Now for the geektastic part…
The Golden Ratio (Phi or ϕ) is 1.618 and it’s inverse is 0.618 – this is also referred to as the The Divine Proportion and is said to be at the centre of the beauty of the universe. It can be found in some of the most beautiful things in nature and has been used in art, architecture and music for centuries.
The Golden Ratio is derived from the Fibonacci sequence.
The Fibonacci sequence is basically a set of steadily increasing numbers, where each number is equal to the sum of the preceding two numbers. Starting from 1, 2, 3, 5, 8, 13, 21, 34, 55, 89, 144 and going up infinitely.
In simple terms, as numbers get larger, the quotient (the number resulting from the division of one number by another) between each successive pair of Fibonacci numbers approximates the Golden Ratio (1.618, or its inverse 0.618).
So, by dividing each number by the previous number gives the following sequence 1 / 1 = 1, 2 / 1 = 2, 3 / 2 = 1.5 and so on up to 144 / 89 = 1.6179…. The resulting sequence is 1, 2, 1.5, 1.666, 1.6, 1.625, 1.615, 1.619, 1.6176, 1.6181, 1.6179.
Here is a visual explanation on how the Golden Ratio has been used in the design of the Bianchet Tourbillon B1.618 Openwork and may/may not help in understanding how the Golden Ratio can affect design principles:
As you can see from the image above, the design was not by accident, but based on the Golden Ratio and it’s calculative method of design.
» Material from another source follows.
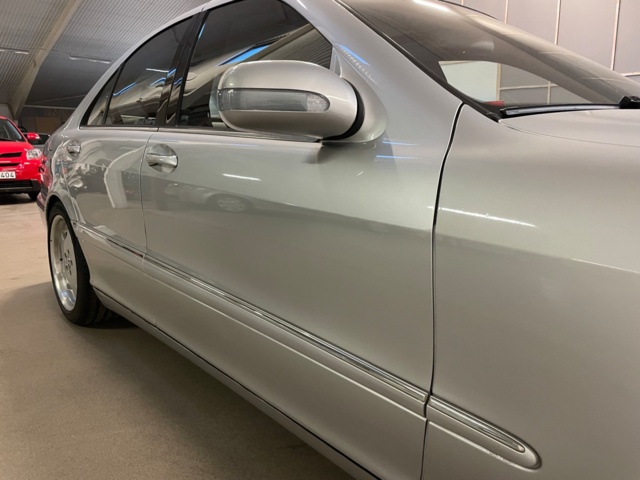 986616-19 Mercedes-Benz S 55 AMG - 2001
Many things in nature also have dimensional properties that adhere to the golden ratio of 1.618 and now you are aware, you may notice it in everyday things you may never have noticed before – now that you are aware of its existance, there could be a good chance you may now notice certain things looking visually proportionate to the Golden Ratio.
When I first saw the Bianchet Tourbillon B1.618 Openwork, my first thought was that it was beautiful, but I had no idea that the Golden Ratio was the reason for the seemingly perfect proportions.
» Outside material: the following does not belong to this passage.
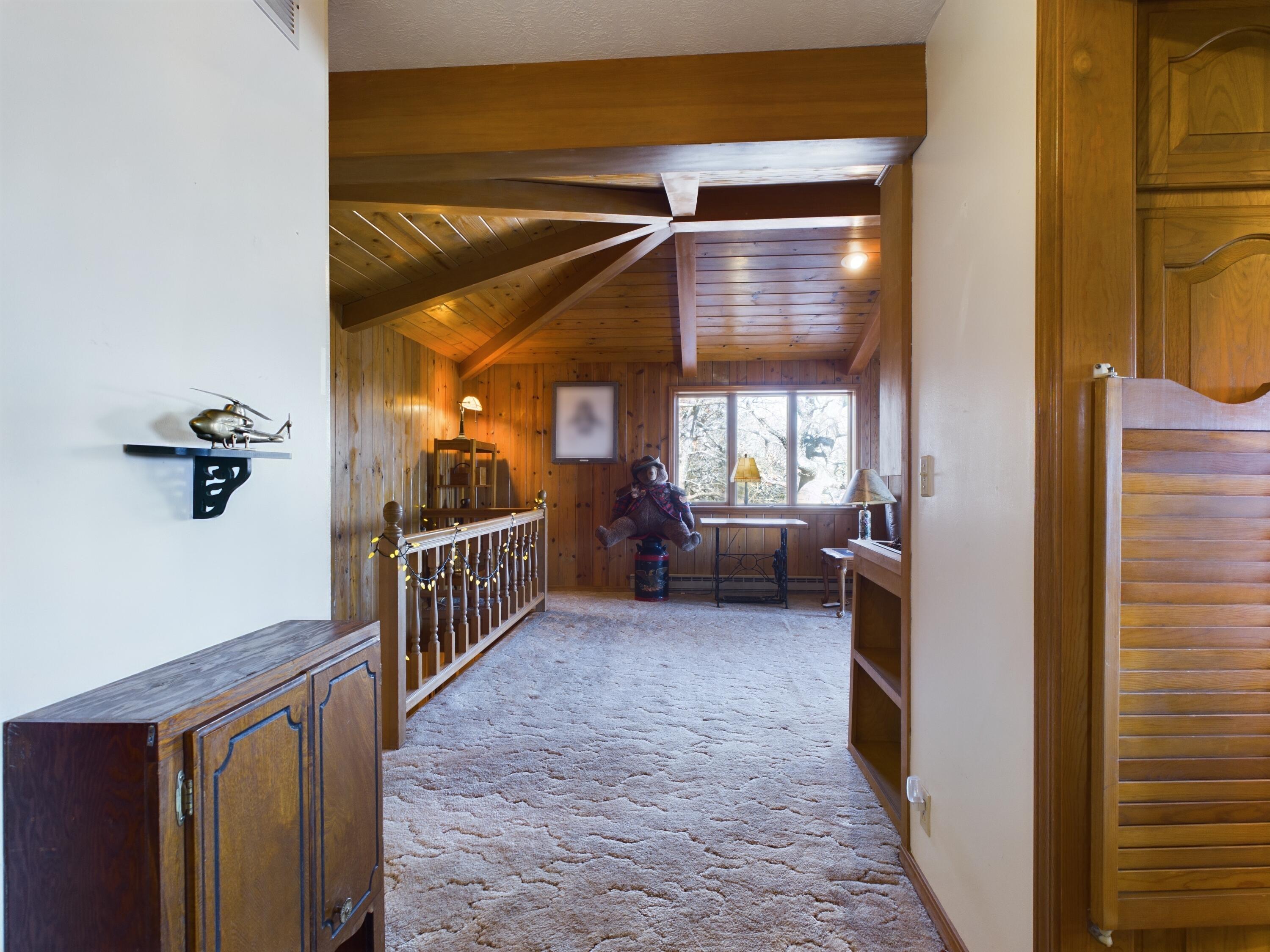 21771 Stonington Road North Property Photo 16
On first meeting founder Rodolfo, we sat down and he started talking through a power point slide show and asked if I’d be interested in learning how the design was based on the Golden Ratio. As someone who studied both maths and design as a student, I was genuinely interested and he did seem quite pleased to run through the theory and how it is linked to their design.
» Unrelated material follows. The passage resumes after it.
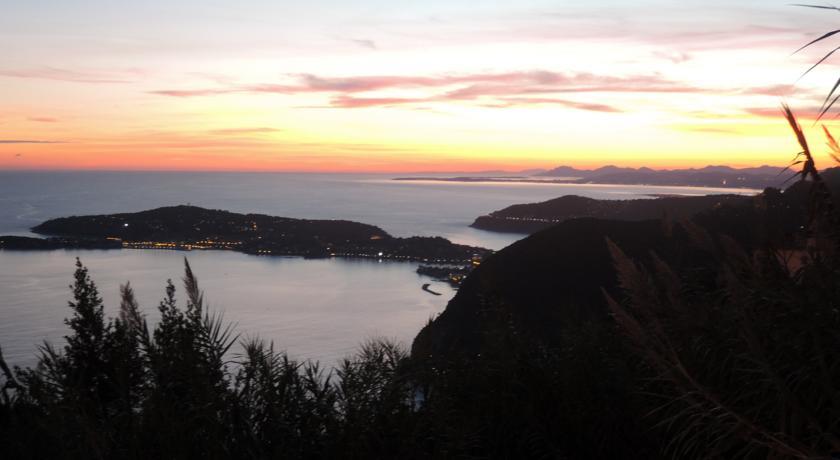 Апартаменты Overlooking Monte Carlo - Eze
So, the mathematical theory clearly works and the result is definitely to my personal taste. I really like the shape of the case and the fact the movement is so heavily openworked and hand finished in black titanium, just adds to the drool factor.
On paper, you would think that the dimensions would make appear large, however, on the wrist, it doesn’t; it looks right, fits perfectly and is really comfortable. With a weight of only 44 grams, one could easily forget that it was even being worn. Even though it is so lightweight and the movement is resistant to 6000G, I doubt I would wear it to do high impact sports, although it has clearly actually been designed as a real wearable sports watch.
My only negative comment, is that I’m generally not a fan of rubber straps, however, as in the Franck Dubarry Crazy Wheel, contact with the skin is broken up by the embossed logo pattern, which seems to reduce discomfort for me personally; many prefer rubber straps, so it could be a mute point for buyers.
At 13mm, it’s neither slim, nor too chunky, but the smooth edges and the fact the shape follows the curvature of the wrist, means that it will not really cause too many hassles with cuffs.
Being a relatively new brand, with only 21 pieces of each version being made and with a price of 55,000 CHF, it’s unlikely owners will come across another one out on their travels, but if they do, it’s almost certain there would be a nod of recognition, as this is certainly a watch for collectors who know what they appreciate.
On a side note, Bianchet offer a 5 year guarantee, which is a longer period than most haute horology Swiss brands; they are obviously confident with both their build quality and micro engineering, so should give a bit more optimism in taking a “punt” with the relative newcomer.
I am keen to see what comes next from Bianchet and whether they decide to use close correlation to a different mathematical theory… perhaps some fractal geometry could be their next design inspiration!?